**PROVIDED DATA**
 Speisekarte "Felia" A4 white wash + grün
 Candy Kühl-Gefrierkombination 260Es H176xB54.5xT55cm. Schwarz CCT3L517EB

...

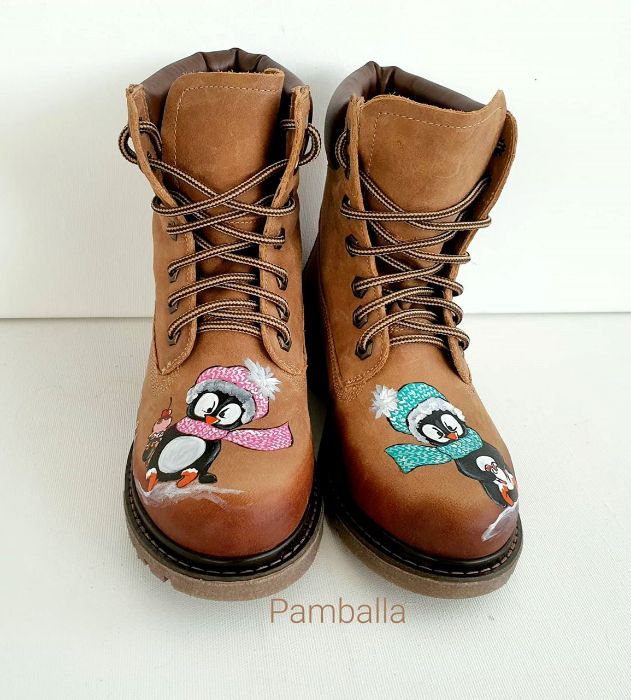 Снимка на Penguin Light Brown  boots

**TASK DETAILS**
Out of the data above, transcribe exactly and only the lines starting with the line that has "wash + grün" and going on through the line that has "Candy Kühl-Gefrierkombination 260Es", both included.

**THE ANSWER**
 Speisekarte "Felia" A4 white wash + grün
 Candy Kühl-Gefrierkombination 260Es H176xB54.5xT55cm. Schwarz CCT3L517EB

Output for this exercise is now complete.